The γ-analysis for SciMoCa vs. TPS with 2%-2mm and 2%-1mm criteria showed moderate correlation with gamma pass rates of the TPS calculation vs. measurement QA (r=0.54, p<0.05). Moderate correlation was present between SciMoCa γ-pass rates (2%-2mm and 2%-1mm) and few plan complexity indices: Field Irregularity (FI) (r= -0.66, p<0.05) and product of the FI and Small Segment Contribution index (r=-0.48, p<0.05).
SciMoCa plan QA results applying different γ-criteria for all plans with two exemplary induced errors are shown in the Fig 1.
For 2%-1 mm γ criteria sensitivity for MLC offset error detection was above 80% and 90% if the plan is considered passing with y>90% and >95%, respectively.

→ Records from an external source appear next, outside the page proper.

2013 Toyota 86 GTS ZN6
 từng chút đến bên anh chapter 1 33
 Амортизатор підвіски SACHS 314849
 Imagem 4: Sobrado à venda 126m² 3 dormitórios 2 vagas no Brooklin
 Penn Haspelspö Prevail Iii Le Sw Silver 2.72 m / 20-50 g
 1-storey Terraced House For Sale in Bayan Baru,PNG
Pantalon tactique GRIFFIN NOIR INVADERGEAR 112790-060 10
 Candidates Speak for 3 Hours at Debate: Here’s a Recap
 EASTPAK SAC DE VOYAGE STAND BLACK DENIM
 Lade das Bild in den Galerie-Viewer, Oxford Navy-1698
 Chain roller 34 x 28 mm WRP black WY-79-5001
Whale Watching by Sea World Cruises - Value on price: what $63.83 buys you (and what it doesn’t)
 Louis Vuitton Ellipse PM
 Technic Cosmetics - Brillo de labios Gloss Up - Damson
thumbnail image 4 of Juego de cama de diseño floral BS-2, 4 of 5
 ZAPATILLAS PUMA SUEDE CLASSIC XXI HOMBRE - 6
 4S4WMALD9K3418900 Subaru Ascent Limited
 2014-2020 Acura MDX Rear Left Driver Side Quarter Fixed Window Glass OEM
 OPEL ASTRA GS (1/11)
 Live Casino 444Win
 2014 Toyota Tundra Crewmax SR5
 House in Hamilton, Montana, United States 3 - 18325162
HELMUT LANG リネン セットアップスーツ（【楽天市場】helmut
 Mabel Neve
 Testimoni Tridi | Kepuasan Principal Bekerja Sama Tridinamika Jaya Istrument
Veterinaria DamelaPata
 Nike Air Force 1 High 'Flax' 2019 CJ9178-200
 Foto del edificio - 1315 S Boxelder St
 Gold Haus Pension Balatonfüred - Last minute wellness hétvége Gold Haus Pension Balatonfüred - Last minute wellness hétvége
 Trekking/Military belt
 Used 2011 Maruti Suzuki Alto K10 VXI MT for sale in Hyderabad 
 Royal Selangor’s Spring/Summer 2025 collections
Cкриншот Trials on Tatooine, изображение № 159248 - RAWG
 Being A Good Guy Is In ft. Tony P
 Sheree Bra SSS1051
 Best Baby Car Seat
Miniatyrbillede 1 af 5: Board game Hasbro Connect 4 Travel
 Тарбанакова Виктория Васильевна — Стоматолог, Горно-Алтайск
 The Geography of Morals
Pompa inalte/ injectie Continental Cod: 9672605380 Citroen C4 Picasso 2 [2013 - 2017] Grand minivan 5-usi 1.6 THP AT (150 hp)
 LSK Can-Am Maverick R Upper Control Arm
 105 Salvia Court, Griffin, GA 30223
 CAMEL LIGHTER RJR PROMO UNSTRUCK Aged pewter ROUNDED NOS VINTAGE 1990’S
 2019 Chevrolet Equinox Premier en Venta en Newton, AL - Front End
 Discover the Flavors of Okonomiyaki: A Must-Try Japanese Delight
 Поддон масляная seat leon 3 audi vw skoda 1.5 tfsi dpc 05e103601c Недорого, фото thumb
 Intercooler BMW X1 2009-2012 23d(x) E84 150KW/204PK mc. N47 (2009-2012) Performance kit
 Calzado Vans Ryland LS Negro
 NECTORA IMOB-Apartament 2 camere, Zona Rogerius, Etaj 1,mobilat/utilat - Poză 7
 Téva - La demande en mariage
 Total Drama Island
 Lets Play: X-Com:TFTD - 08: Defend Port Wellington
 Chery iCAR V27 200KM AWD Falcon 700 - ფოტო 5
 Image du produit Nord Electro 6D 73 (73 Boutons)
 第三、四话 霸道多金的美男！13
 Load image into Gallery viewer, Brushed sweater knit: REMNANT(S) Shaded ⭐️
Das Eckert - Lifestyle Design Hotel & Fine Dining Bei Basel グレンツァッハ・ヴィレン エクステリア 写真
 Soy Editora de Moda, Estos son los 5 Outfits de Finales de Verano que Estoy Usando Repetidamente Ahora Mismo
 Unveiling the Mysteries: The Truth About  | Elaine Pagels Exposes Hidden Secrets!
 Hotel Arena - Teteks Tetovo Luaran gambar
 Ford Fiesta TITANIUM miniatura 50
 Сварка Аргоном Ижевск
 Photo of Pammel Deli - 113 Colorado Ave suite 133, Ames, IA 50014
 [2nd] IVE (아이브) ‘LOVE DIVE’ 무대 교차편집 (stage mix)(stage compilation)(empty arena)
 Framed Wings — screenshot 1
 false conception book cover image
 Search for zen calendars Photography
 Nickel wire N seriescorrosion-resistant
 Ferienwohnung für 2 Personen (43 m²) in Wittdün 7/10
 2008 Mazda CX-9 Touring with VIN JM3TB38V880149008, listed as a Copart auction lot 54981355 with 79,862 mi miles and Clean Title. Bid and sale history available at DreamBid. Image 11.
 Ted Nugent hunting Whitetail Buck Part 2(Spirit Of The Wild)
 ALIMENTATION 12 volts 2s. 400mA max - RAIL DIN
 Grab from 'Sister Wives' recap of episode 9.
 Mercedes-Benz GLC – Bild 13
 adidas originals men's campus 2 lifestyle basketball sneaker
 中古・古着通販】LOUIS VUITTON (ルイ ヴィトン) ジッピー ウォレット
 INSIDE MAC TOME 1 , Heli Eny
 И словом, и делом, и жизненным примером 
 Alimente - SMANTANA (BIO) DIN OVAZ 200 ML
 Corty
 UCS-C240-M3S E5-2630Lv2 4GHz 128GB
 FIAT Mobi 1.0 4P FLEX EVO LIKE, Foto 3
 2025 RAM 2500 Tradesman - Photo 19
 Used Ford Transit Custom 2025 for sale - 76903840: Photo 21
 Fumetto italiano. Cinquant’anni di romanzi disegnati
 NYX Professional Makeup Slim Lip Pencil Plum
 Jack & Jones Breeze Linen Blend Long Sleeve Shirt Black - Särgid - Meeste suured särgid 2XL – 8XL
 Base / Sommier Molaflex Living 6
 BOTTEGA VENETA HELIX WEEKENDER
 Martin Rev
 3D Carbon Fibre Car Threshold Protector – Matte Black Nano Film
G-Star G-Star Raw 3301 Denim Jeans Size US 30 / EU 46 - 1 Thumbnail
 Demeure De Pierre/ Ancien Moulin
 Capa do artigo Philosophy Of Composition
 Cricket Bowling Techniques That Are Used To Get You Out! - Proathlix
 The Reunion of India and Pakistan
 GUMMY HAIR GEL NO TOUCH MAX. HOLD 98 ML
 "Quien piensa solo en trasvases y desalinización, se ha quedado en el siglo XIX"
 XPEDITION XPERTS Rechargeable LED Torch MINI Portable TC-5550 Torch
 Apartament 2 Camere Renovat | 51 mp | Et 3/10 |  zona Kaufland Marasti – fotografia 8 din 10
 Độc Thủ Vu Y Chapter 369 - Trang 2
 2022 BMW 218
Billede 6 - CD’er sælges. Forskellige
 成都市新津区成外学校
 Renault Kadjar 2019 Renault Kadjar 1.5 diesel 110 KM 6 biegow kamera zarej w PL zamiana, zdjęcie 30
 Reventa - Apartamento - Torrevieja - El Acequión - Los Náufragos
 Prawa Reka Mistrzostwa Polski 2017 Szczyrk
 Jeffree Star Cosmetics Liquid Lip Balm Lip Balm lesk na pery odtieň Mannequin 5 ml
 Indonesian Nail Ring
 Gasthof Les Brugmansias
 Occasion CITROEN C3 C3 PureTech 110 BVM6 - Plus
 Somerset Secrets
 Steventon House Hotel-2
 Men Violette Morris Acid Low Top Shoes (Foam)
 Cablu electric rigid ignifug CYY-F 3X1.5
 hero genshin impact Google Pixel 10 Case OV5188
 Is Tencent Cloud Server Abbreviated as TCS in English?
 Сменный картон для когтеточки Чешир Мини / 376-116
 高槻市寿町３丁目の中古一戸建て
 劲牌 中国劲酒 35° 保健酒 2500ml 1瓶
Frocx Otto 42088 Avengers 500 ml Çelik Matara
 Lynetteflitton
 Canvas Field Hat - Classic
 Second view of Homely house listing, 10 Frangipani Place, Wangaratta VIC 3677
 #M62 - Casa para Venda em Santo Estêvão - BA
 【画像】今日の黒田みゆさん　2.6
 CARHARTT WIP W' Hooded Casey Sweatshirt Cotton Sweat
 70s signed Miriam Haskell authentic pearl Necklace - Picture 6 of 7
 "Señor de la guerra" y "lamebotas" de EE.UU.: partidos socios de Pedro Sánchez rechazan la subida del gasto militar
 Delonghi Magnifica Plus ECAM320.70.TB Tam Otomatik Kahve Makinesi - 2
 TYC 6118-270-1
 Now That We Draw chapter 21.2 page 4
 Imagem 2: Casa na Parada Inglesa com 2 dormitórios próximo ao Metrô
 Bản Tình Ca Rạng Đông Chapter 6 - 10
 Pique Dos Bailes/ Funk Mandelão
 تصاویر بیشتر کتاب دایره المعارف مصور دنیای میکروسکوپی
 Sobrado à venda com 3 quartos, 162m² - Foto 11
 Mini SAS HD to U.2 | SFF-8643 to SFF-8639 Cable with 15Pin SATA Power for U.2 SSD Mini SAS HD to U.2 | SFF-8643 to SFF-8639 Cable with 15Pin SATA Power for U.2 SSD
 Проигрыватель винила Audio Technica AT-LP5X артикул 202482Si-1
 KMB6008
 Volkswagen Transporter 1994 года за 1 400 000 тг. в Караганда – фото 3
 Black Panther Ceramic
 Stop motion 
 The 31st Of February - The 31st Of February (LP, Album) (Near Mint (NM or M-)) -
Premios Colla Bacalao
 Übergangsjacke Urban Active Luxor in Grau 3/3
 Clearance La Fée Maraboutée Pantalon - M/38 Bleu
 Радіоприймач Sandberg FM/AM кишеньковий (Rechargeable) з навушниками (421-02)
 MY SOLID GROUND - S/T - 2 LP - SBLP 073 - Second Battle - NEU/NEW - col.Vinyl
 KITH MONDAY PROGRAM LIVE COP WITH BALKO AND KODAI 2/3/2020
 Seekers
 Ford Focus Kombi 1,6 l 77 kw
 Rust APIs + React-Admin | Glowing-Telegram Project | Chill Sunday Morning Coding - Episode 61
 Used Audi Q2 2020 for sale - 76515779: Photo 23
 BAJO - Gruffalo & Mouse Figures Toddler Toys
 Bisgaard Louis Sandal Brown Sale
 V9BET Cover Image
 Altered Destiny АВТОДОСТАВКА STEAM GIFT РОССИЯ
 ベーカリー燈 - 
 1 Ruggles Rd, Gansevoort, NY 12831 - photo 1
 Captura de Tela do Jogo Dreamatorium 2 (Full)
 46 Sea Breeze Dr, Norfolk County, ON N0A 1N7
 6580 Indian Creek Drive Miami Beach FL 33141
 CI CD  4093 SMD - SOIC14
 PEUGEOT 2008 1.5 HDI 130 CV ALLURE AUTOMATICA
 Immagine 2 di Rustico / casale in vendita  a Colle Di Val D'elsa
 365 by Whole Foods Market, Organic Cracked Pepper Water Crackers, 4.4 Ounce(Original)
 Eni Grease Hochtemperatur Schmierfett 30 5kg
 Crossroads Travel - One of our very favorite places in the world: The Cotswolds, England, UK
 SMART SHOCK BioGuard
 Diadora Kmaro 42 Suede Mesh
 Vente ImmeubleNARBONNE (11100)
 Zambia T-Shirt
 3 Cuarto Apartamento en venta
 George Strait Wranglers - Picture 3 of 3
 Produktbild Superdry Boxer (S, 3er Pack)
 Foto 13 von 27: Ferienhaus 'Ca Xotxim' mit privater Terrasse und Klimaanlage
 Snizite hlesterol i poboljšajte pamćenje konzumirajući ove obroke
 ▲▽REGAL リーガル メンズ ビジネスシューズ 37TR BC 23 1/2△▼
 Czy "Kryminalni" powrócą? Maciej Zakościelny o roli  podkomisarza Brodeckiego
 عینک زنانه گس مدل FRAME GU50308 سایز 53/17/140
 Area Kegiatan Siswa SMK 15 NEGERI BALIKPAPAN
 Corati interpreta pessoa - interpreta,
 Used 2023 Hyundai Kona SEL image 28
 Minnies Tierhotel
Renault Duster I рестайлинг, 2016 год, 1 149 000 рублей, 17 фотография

Errors in density overrides or HU-ED conversion were detected with γ-criteria of 2%-1mm. Control charts (QACC) were created for the QA with SciMoCa to be used together with measurement QACC (Fig. 2) and γ-values of 94.5% and 92% were derived as new warning and failed plan criteria.
Conclusion
The study shows that 3D MC plan verification with tight gamma criteria (2%-2mm and below) provides reliable method to discover clinically relevant errors in beam model and plan parameters, besides rigorous second check of the TPS algorithm. Institution-specific control charts are useful tool to define action limits for calculation-based QA and enhance safety in clinical process.